840.50 Recovery/10–1849: Telegram

The Ambassador in the United Kingdom (Douglas) to the Secretary of State

secret

4174. Deptel 3720 was received afternoon October 15. Spaak had already seen Cripps and was returning to Brussels without seeing Bevin. I conveyed the Secretary’s message to Bevin this morning and urged consideration of proposal, pointing out that there was a feeling in the US particularly in Congressional circles that progress toward economic integration Western Europe was slow and that continuation of the ECA program for a third year might be in doubt unless there was evidence of progress before next appropriation considered by Congress. It was felt that Spaak’s appointment would reinforce OEEC and contribute substantially toward impressing opinion in [Page 431] the United States that the work on economic integration was advancing.

Bevin said that he had endeavored to find out what Spaak’s authority and responsibility would be in OEEC but without success. He said that Spaak himself had been unable to give a satisfactory answer to this question to Cripps on October 14. Bevin said that he had given up the chairmanship of the OEEC Council of Ministers in favor of Belgium, that Spaak was President of the Council of Europe, and wanted to know whether the Belgians were to be president of everything. He felt this was a maneuver by Van Zeeland to get Spaak out of Belgium, which was particularly bad on the eve of the Belgian plebiscite concerning the return of the King.1 This situation gave him serious trouble with his colleagues in the British Government. He said that the Labor Government could not under American pressure accept the appointment of Spaak or any other continental to a position of control in the OEEC. He was fearful that an attempt would be made to clothe the OEEC with political powers, that he had struggled against this, having been very definite in his instructions to Hall-Patch2 that the function of OEEC was economic and factual and should not drift into the political sphere.

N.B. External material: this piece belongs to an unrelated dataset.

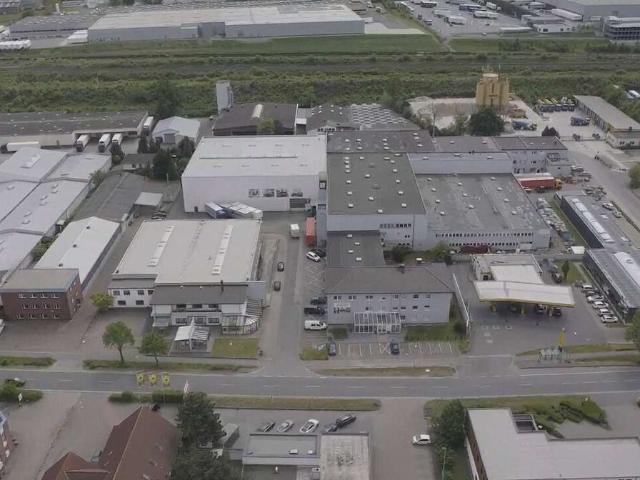 Industrie kaufen in Gohfeld, Löhne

My feeling is that Bevin, Cripps and others feel so strongly on this subject that there is little likelihood that they will agree to Spaak’s appointment to any position of real authority in OEEC.

Sent Department 4174, repeated Paris 790, for Harriman and Bruce, Brussels 176 for information.

Douglas
  1. King Leopold III.
  2. Sir Edmund L. Hall-Patch, Permanent United Kingdom Representative on the OEEC with rank of Ambassador and Chairman of the OEEC Executive Committee.